After a few small appearances in obligatory teen comedies, Cusack landed the lead in a trio of above average examples, the black, cartoonish Better Off Dead (1985), the sweet, Capra-esque The Sure Thing (1985) and Cameron Crowe's overwritten, but earnest Say Anything (1989). With these, he earned the hearts of teen romantics everywhere, both with his effortless chemistry with the opposite sex and his unique, clever, and witty way of getting them. Last year, I wanted to name my son Nick thanks to a monologue Cusack delivers in The Sure Thing: "Elliot? You're gonna name the kid Elliot? No, you can't name the kid Elliot. Elliot is a fat kid with glasses who eats paste. You're not gonna name the kid Elliot. You gotta give him a real name. Give him a name. Like Nick. Nick's a real name. Nick's your buddy. Nick's the kind of guy you can trust, the kind of guy you can drink a beer with, the kind of guy who doesn't mind if you puke in his car, Nick." (We didn't end up going with Nick, but we didn't use Elliot either.)

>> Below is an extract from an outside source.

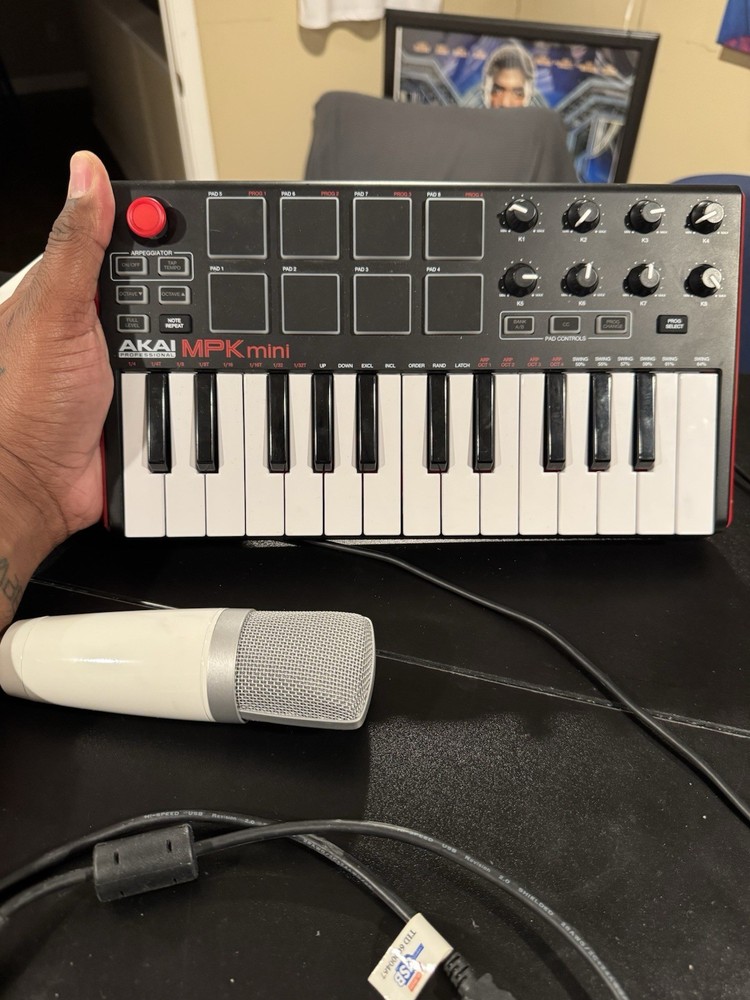 Also MPK Mini Midi Controller - Working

It wasn't long before Cusack grew up and sought adult roles. In The Grifters (1990), he used his slippery cool in his role as a con man -- and watched as all his co-stars earned Oscar nominations around him. But he retained that sense of everyman; any twenty-something that saw the movie secretly entertained the concept of abandoning everything and hitting the grift. In 1994, he starred in Woody Allen's Bullets Over Broadway and somehow became the most successful "Woody Allen character," besides Woody Allen, to date. (Once again, all his co-stars earned Oscar nominations.) In 1997, he pulled a triple-play, with Clint Eastwood's underrated Midnight in the Garden of Good and Evil, Jerry Bruckheimer's Con Air -- as the first and only action hero to wear sandals -- and Grosse Pointe Blank.

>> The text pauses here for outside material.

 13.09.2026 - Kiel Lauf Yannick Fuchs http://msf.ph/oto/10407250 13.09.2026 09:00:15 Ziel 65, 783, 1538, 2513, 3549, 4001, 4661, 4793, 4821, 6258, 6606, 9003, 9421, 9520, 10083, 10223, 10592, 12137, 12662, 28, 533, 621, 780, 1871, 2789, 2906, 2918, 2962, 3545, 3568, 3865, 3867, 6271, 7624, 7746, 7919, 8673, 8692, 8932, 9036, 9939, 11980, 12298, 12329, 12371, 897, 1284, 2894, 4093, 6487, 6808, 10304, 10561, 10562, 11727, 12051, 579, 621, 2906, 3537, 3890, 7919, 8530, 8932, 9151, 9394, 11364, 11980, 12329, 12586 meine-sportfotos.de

The latter showed a new side of Cusack, the writer. Co-written with his pals Tom Jankiewicz, D.V. DeVincentis and Steve Pink, the film also hinted at Cusack's loyalty and his privacy (he allegedly hates talking to reporters). He often surrounds himself with trusted friends, like Jeremy Piven and Tim Robbins, and includes tributes to his favorite songs, movies and books. The Grosse Pointe Blank soundtrack exploded with all kinds of 1980s music, but notably the Clash, of whom Cusack is an outspoken devotee (and also of Joe Strummer's second band, The Mescaleros). The movie Cool Hand Luke (1967) and the book Love in the Time of Cholera also get special mentions in Cusack movies.

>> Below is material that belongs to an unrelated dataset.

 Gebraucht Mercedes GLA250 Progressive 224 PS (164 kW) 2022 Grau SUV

Cusack co-wrote the amazing High Fidelity (2000), with two of his three writing partners, spoke to every thirty-something nerd who ever collected anything, and introduced all of us to the Beta Band at the same time. Since then, he has been hit-and-miss, but hasn't everyone? I liked Serendipity (2001), a throwback to his teenage hopeless romantics, although most did not. The masterpiece The Thin Red Line was also in there, as was Being John Malkovich and the interesting films Cradle Will Rock and Identity. Some other films were interesting failures (Pushing Tin) or slightly less so (America's Sweethearts, The Ice Harvest, Must Love Dogs). And his upcoming Martian Child looks a bit goopy for my taste. Which brings us up to date. Cusack's burned-out, cynical writer in 1408 is the perfect Cusack character at this time; he's divorced, missing a daughter and desperately eager to believe in something that his younger self would have accepted with little trouble. That he might actually find that something gives hope to all of us male, nerdy, smart, collector guys.